◆ **Assigned task**:
Could you give the data that follows again exactly, without its pictures?

◆ **Supplied information**:
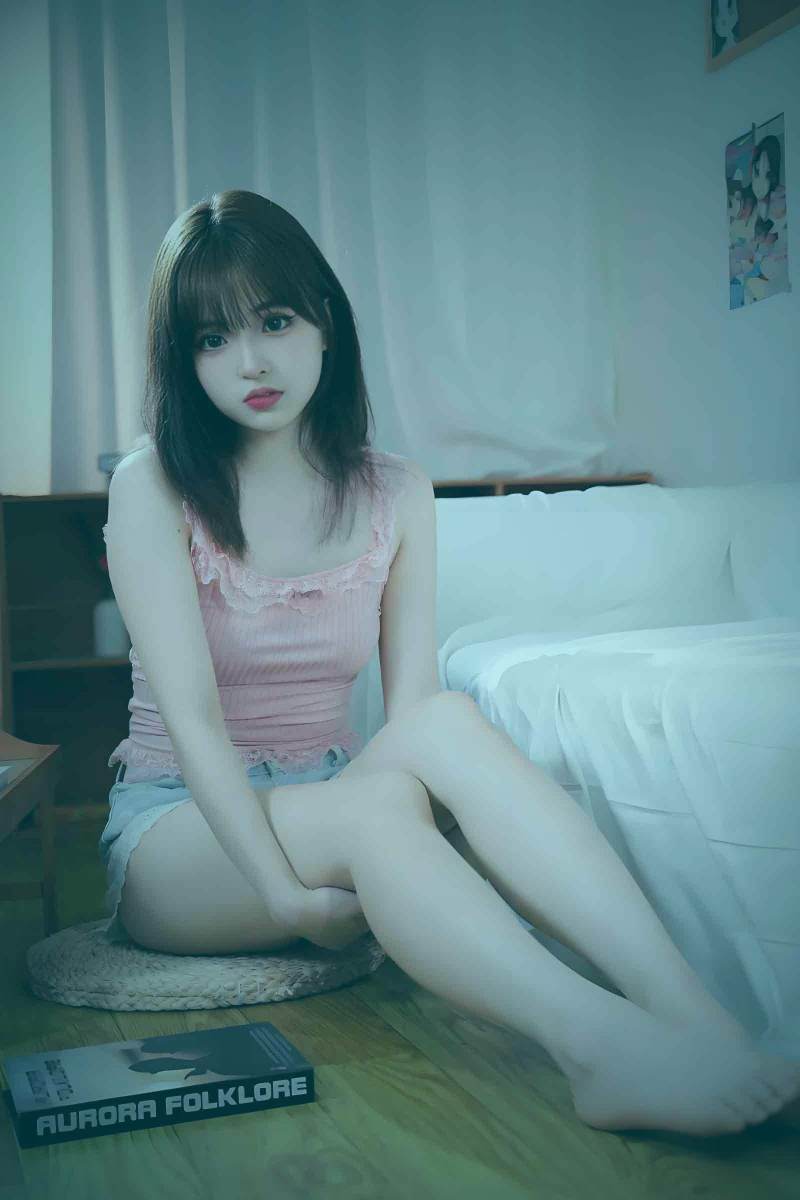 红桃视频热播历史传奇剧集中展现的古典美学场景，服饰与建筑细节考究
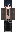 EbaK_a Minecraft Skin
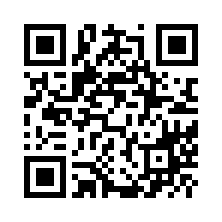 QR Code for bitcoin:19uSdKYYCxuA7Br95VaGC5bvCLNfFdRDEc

◆ **Output for this task**:
 红桃视频热播历史传奇剧集中展现的古典美学场景，服饰与建筑细节考究
 EbaK_a Minecraft Skin
 QR Code for bitcoin:19uSdKYYCxuA7Br95VaGC5bvCLNfFdRDEc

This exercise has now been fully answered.